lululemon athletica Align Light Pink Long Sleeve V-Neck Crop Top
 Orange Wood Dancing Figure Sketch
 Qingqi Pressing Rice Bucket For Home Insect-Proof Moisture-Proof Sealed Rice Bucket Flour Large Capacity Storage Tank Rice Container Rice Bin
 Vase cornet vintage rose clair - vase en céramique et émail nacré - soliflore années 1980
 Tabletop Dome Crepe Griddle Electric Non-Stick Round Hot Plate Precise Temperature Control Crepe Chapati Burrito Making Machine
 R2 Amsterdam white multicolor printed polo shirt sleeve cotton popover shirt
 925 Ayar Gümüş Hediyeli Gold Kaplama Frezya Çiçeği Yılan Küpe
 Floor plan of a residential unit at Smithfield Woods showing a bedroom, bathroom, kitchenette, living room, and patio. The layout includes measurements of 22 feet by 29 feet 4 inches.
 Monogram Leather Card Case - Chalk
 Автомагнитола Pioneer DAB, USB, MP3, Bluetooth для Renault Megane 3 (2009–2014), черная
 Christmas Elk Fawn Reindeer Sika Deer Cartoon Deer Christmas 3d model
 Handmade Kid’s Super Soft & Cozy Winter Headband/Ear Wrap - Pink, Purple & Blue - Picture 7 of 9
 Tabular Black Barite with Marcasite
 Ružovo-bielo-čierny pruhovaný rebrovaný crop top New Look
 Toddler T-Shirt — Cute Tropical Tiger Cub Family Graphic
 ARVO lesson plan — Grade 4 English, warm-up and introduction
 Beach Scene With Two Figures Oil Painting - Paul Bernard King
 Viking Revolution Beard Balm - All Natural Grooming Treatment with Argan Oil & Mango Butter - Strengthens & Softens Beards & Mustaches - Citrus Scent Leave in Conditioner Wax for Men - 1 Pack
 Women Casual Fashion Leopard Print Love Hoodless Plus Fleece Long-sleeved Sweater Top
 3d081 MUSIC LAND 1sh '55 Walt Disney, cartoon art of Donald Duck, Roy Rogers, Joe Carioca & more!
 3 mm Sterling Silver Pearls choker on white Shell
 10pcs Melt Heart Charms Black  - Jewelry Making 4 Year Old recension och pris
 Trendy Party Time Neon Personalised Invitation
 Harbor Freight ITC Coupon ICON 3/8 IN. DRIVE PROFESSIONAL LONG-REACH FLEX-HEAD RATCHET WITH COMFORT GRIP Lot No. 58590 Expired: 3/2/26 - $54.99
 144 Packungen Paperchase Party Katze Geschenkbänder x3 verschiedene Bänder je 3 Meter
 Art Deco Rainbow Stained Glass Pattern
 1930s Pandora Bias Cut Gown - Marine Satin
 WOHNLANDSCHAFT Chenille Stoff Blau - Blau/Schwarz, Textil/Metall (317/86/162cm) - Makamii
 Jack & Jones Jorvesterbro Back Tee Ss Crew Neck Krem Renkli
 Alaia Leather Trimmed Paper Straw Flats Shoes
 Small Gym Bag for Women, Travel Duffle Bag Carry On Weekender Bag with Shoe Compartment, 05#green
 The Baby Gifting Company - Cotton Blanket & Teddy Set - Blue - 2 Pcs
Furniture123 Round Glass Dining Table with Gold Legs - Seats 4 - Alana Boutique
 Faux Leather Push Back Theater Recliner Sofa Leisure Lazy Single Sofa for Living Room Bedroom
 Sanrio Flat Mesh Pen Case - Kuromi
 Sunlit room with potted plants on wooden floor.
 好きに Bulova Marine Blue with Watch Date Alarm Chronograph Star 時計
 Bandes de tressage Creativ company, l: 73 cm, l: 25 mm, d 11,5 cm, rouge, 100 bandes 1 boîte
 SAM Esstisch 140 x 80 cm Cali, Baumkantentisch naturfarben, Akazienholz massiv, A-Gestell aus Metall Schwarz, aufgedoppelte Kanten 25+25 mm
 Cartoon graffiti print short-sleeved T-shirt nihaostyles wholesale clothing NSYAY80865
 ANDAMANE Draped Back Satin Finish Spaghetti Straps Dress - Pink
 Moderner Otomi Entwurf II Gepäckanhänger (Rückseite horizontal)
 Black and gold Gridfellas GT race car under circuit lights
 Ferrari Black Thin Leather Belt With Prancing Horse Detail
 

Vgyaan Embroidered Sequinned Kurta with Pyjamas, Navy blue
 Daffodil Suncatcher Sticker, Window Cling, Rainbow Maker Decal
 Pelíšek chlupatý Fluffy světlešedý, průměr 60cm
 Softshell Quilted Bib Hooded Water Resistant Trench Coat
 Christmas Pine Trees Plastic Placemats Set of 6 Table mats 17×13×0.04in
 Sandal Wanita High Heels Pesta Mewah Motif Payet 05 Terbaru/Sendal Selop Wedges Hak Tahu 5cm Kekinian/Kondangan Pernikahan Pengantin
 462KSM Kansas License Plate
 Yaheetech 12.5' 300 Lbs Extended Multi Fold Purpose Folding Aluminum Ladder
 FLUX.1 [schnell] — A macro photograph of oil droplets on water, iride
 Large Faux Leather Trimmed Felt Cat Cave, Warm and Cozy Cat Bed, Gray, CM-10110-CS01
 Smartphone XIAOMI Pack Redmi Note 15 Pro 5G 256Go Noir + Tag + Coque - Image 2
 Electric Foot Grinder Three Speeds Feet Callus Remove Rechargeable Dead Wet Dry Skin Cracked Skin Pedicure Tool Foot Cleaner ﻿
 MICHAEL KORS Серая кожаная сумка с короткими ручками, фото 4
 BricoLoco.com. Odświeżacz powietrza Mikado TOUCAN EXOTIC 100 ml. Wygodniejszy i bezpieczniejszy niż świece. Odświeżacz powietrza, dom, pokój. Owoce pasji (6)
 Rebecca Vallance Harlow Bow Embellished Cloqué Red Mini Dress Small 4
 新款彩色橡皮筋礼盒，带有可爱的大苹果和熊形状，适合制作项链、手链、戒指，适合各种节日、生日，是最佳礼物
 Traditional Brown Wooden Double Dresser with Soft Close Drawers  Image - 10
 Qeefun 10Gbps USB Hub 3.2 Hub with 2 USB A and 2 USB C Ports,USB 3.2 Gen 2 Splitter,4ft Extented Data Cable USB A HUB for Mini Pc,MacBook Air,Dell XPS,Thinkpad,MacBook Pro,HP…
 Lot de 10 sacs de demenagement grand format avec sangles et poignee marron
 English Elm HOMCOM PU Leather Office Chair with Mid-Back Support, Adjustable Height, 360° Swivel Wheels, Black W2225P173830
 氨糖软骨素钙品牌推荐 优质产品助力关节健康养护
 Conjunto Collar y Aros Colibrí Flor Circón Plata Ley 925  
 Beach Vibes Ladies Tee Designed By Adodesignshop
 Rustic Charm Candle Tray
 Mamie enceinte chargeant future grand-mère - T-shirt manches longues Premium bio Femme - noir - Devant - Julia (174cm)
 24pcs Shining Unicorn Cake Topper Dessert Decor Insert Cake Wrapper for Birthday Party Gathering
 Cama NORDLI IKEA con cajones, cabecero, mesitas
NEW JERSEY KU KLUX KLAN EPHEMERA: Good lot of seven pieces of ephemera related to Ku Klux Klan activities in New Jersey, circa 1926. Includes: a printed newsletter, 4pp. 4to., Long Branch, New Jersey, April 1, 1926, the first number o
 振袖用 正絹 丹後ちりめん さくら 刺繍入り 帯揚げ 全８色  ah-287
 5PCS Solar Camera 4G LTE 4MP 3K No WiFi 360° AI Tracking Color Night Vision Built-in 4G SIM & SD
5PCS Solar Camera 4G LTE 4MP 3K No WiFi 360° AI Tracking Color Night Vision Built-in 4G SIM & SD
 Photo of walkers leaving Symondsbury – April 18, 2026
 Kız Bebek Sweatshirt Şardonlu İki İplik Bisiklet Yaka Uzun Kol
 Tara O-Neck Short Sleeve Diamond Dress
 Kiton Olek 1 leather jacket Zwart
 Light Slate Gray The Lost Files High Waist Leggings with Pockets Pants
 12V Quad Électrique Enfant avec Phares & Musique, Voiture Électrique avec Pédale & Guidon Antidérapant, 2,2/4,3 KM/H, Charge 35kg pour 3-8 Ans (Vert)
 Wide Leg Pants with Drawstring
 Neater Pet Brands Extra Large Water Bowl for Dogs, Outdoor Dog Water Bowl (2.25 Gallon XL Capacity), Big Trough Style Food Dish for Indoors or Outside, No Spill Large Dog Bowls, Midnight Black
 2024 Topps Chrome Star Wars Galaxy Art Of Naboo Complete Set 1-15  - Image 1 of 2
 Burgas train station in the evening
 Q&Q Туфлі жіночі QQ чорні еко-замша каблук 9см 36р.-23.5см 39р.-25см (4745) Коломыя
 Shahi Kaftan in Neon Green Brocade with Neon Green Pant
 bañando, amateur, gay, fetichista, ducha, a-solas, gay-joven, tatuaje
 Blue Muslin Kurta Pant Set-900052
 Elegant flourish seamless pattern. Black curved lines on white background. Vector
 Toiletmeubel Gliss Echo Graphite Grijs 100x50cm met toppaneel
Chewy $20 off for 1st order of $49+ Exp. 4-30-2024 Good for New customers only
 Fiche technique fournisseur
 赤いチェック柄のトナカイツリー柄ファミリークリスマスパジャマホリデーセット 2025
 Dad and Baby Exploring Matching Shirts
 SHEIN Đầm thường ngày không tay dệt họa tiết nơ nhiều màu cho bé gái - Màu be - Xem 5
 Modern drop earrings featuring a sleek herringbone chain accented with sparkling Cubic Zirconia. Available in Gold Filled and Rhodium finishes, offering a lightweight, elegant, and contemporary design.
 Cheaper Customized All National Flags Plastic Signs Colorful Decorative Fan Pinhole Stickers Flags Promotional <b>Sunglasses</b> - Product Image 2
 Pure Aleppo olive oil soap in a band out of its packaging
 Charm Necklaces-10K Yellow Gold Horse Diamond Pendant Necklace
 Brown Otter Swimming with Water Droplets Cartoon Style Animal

—————

▶ **WHAT THE TASK REQUIRES**: Wherever the string "Tracking" occurs in the entries, copy that whole line.

▶ **YOUR RESPONSE**:
 5PCS Solar Camera 4G LTE 4MP 3K No WiFi 360° AI Tracking Color Night Vision Built-in 4G SIM & SD
5PCS Solar Camera 4G LTE 4MP 3K No WiFi 360° AI Tracking Color Night Vision Built-in 4G SIM & SD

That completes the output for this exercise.